Nella mente umana regna sempre una grande confusione dovuta alla coesistenza della natura terrena con quella spirituale, perché esse viaggiano in direzioni opposte; dovremmo invece affrontare il lavoro della loro riconciliazione, della loro armonizzazione per ottenere sempre maggiori salti di consapevolezza cosciente.

L’esempio che può essere fatto, attingendo al campo della musica, è quello di uno strumento, che deve essere accordato in modo sempre più raffinato per poter eseguire partiture di crescente difficoltà. Per questo dovremmo coltivare il nostro animo leggendo dei libri, ascoltando della musica, ammirando un bel paesaggio, meditando e coltivando la nostra creatività nel modo più adeguato per i nostri talenti. Dovremmo nutrirci di bellezza, così da avvertire in noi il lampo che illumina e riscalda il nostro essere.
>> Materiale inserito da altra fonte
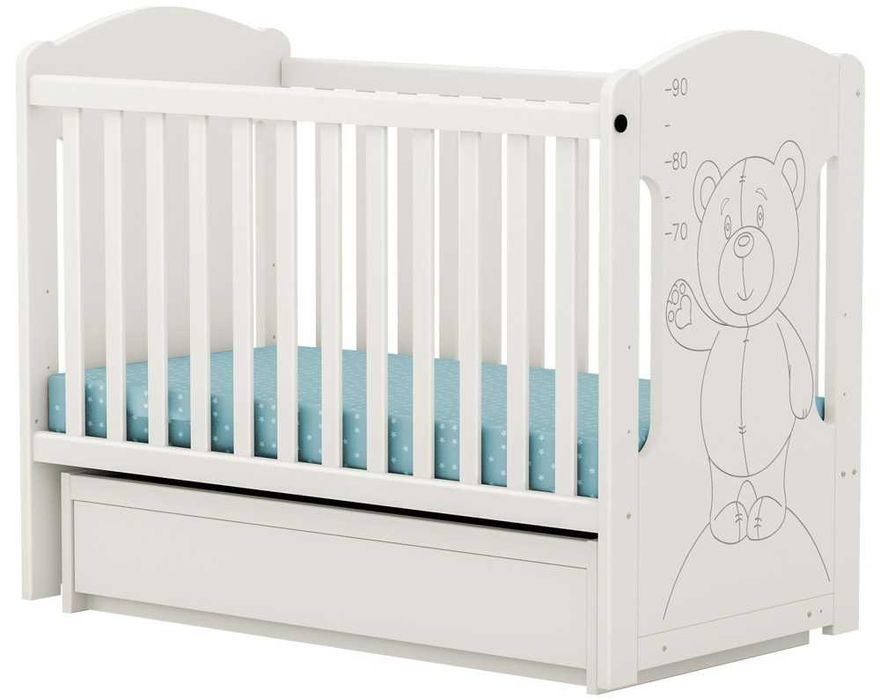 Детско легло Арбор с люлеещ механизъм, 3 нива на височината на матрака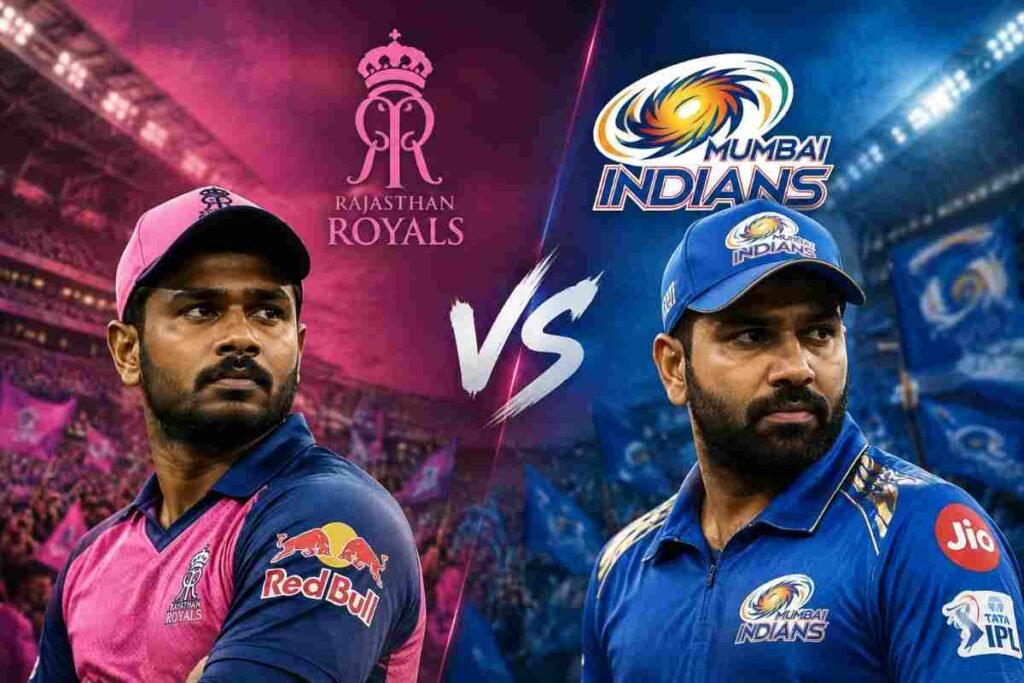 rajasthan royals vs mumbai indians timeline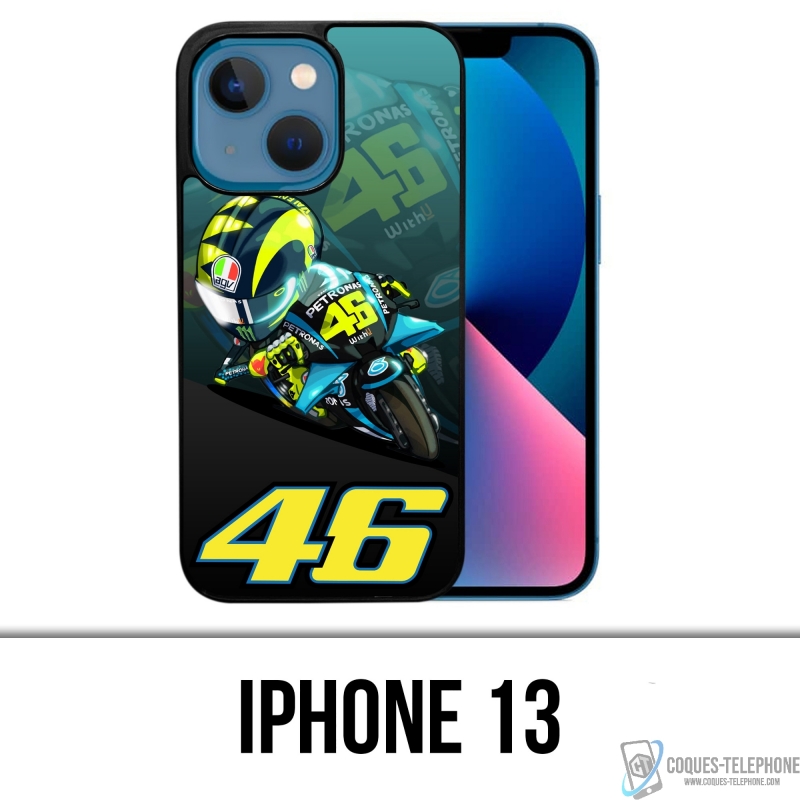 Coque iPhone 13 - Rossi 46 Petronas Motogp Cartoon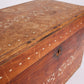 Antique Timber Chest with Marble Inlay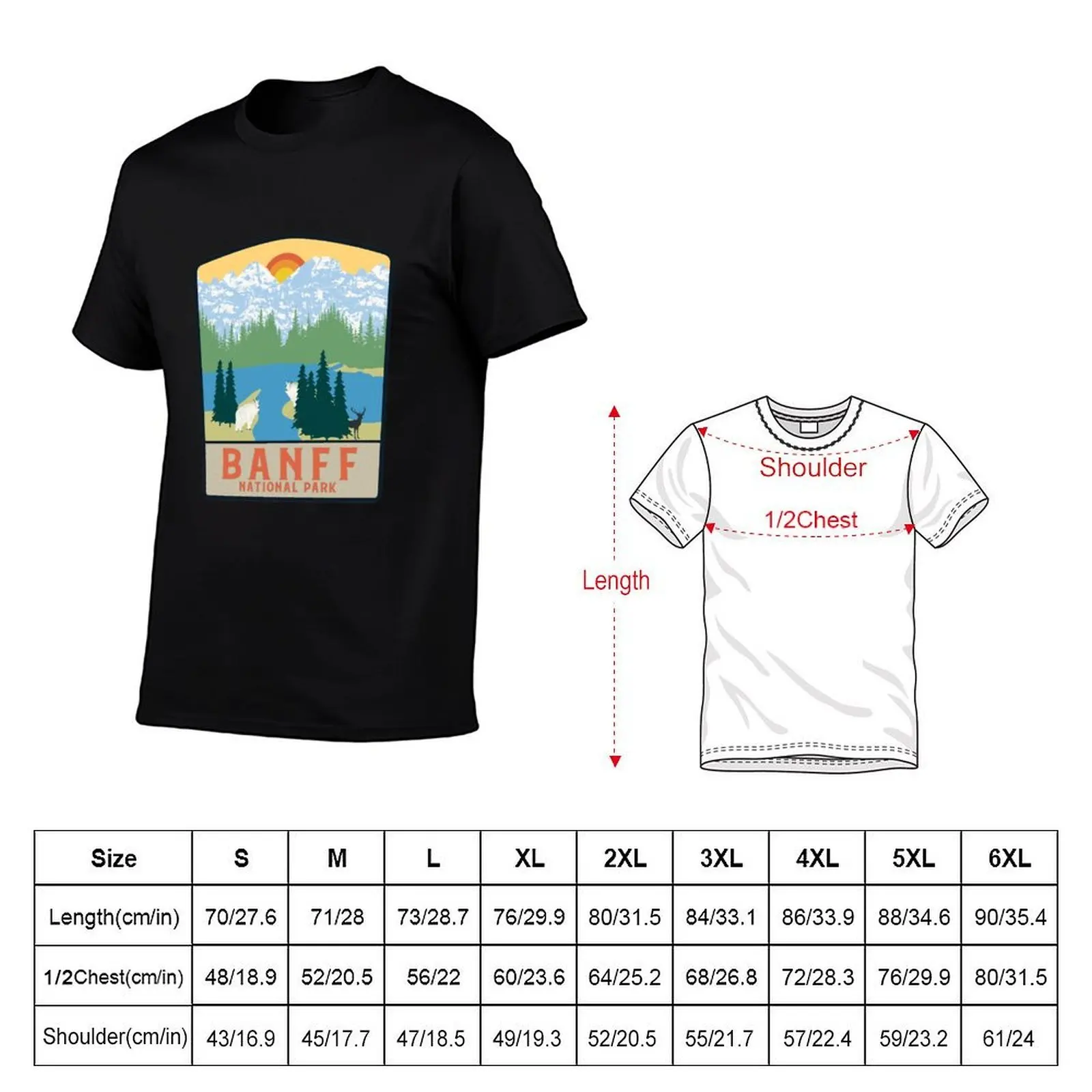 Banff National Park Jasper T-Shirt funny gifts plus size tops mens designer t shirt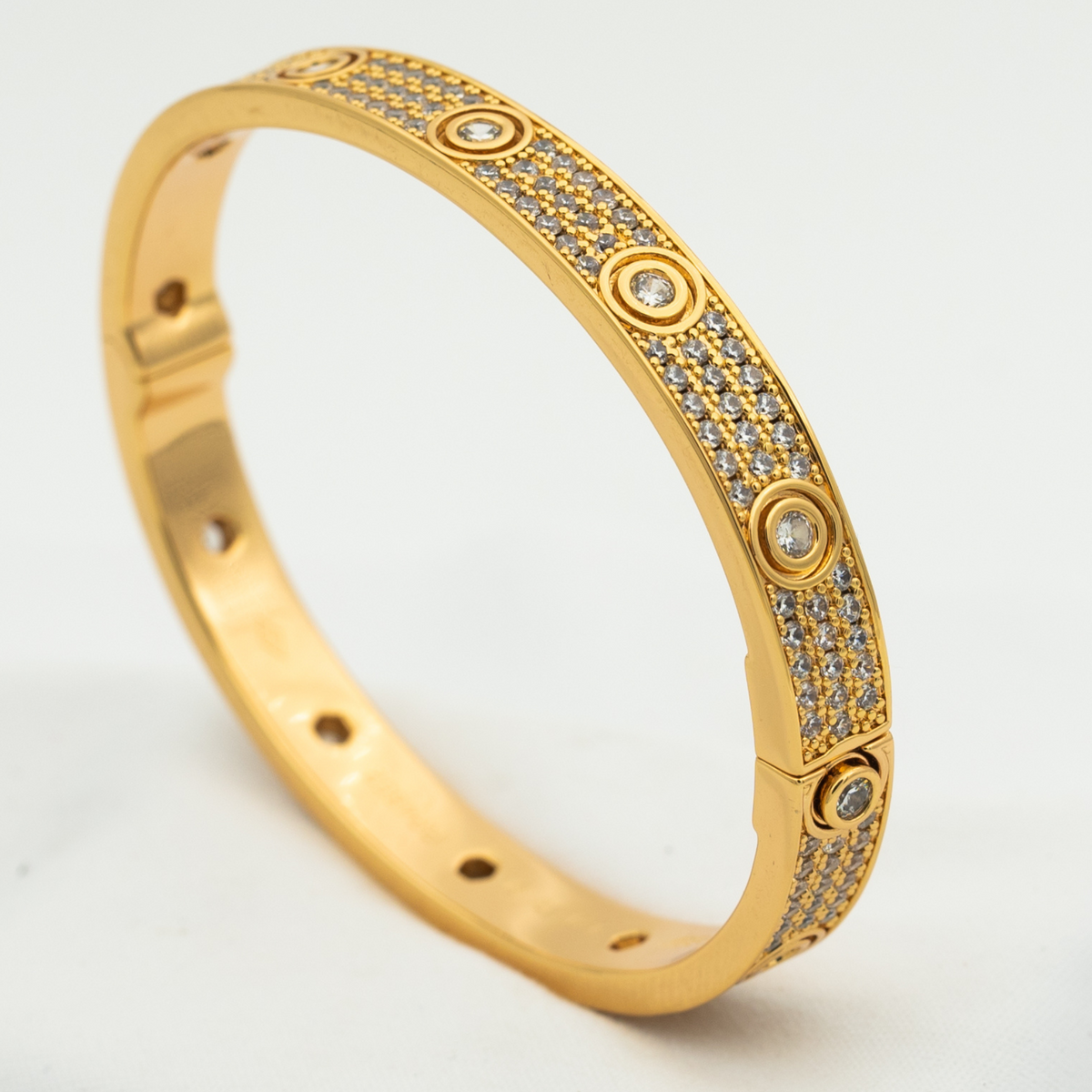 [Leaves]LOVE BRACELET 6.1MM DIAMOND-PAVED 10 BIG DIAMONDS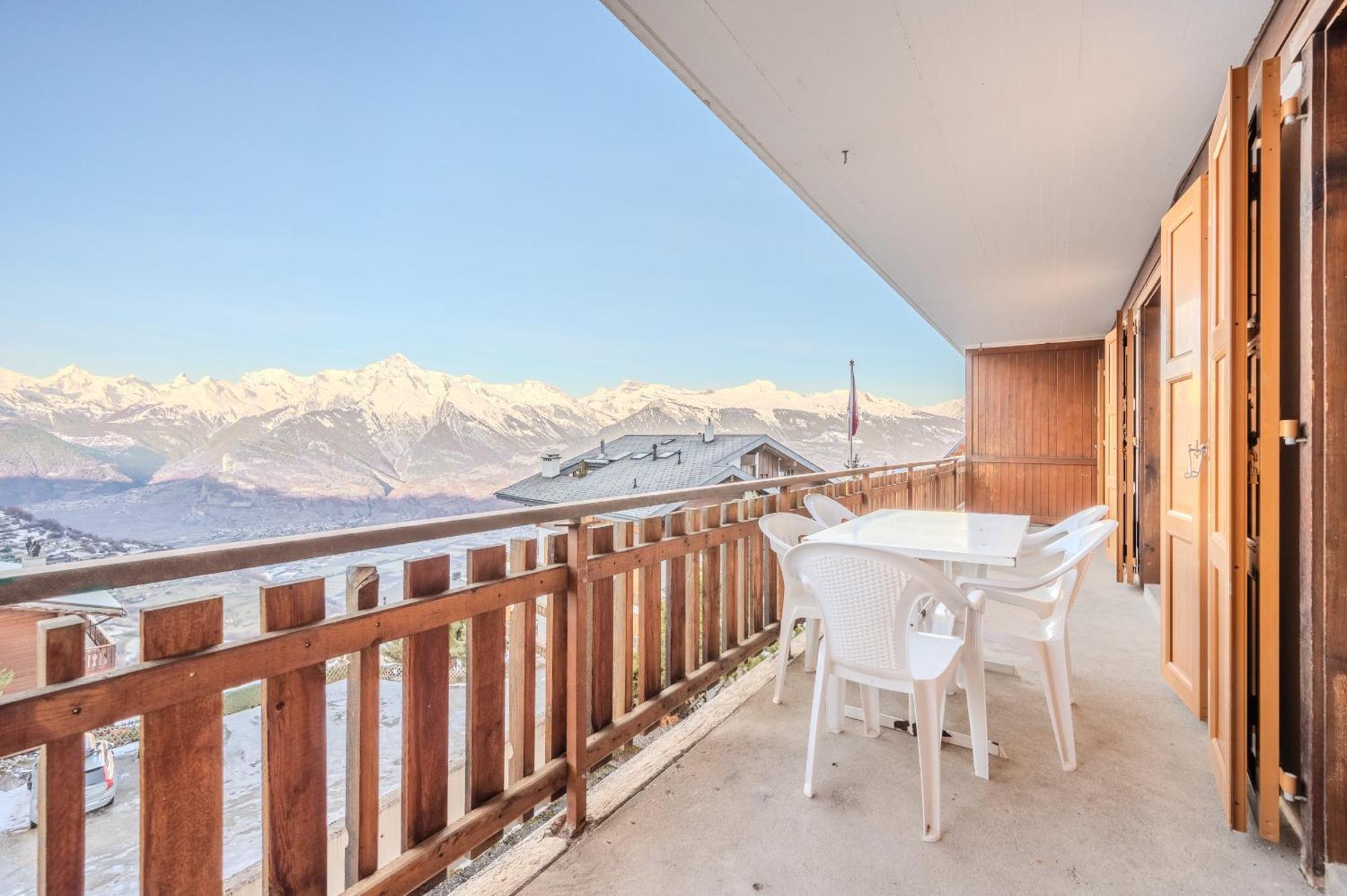 Greppons Cosy & Mountain Apartments By Alpvision Residences Veysonnaz Buitenkant foto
Coltivare solo una delle nostre due nature non ha senso, mortificarne una a scapito dell’altra non è certo la strada migliore. Educare all’elevazione delle nostre due nature appare assai più conveniente. Per evolvere è necessario un grosso lavoro sulla nostra sensibilità: è così che la nostra materia psichica può divenire più sottile, più flessibile, più pura, vibrando in modo diverso e permettendoci di percepire meglio il livello divino e preservandoci dalle cattiverie, dalla stupidità e dalle offese che potrebbero ferirci; ad esse non presteremo più alcuna attenzione.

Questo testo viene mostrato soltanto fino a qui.